Rapid evaluation and discharge of patients presenting with chest pain is a key goal of emergency care. We evaluated the length of stay before and after the implementation of a high-sensitivity troponin assay and a new protocol for overnight rapid ED discharge of intermediate risk patients at The Prince Charles Hospital. Patients aged >18years referred with low and intermediate-risk chest pain between 2018 and 2019 presenting to the Chest Pain Assessment Unit were examined using a before and after study design. Pre-intervention group were assessed using the Beckman-Coulter second generation AccuTnI assay (June-October 2018). Post-intervention (September-November 2019), patients were assessed using the High-Sensitive STAT Troponin-I assay (Abbott Laboratories). Post-intervention, intermediate risk patients presenting to ED overnight were also discharged from ED with outpatient functional testing if they had 2 negative serial troponins (3hours apart) and normal serial ECGs, routine blood tests and a chest x-ray. The primary outcome was the ED length of stay.

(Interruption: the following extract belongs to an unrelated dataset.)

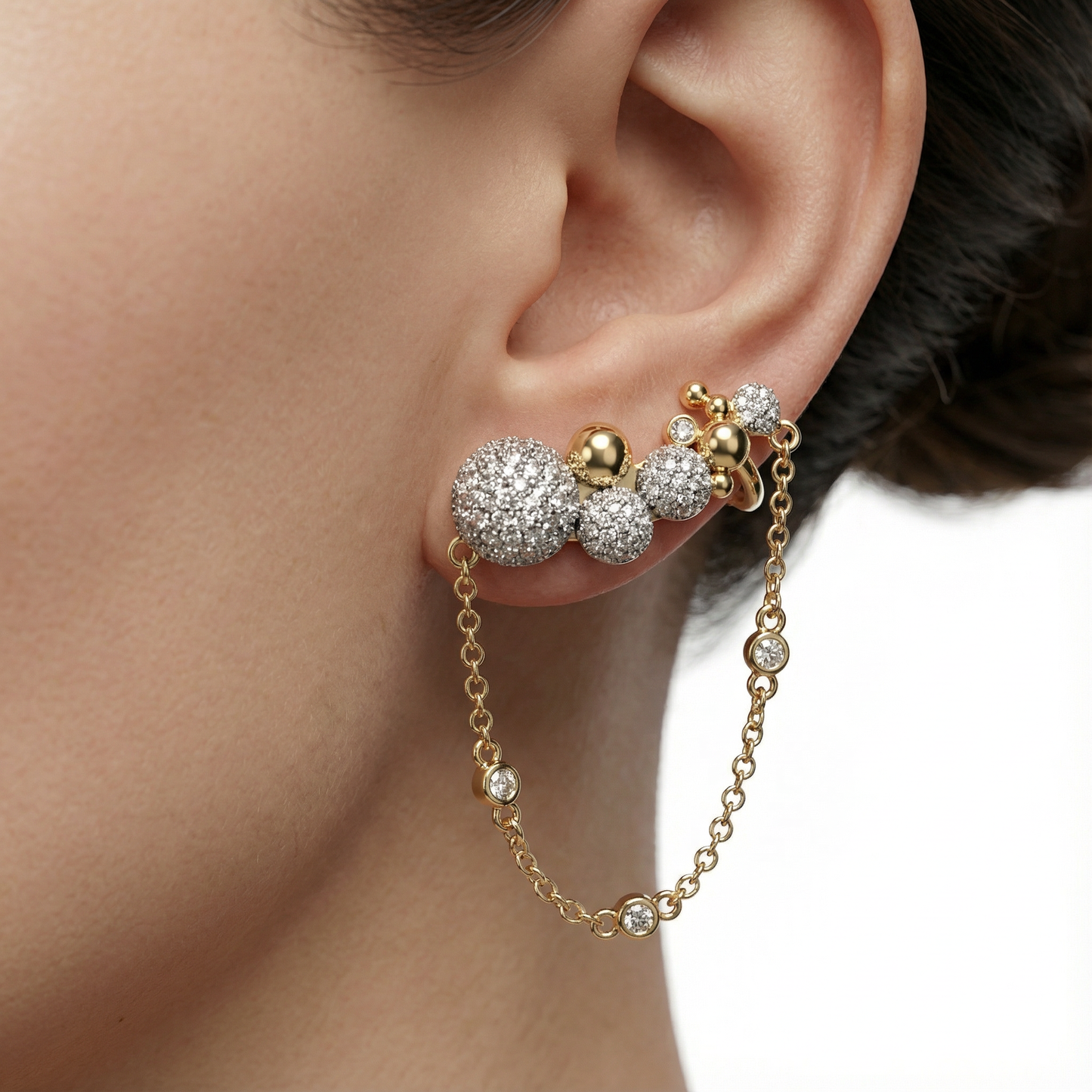 Matelassé Heart Couture Earrings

The study consisted of 634 patients (mean age 59.7y±5.1y, 51% females, 35% low-risk and 65% intermediate-risk chest pain). The pre-intervention group (n=308 patients, mean age 61.3y±13.6, 48% female, 33% low and 67% intermediate risk) were comparable with the post-intervention group (n=326 patients, mean age 58.7y±12, 53% female, 36% low and 64% intermediate risk). The ED length of stay was significantly shorter post-intervention (mean LOS 8.6 v 5.2 hrs, p<0.001). Implementing a high-sensitivity troponin assay and protocol driven discharge of chest pain patients overnight is associated with a significantly lower ED length of stay.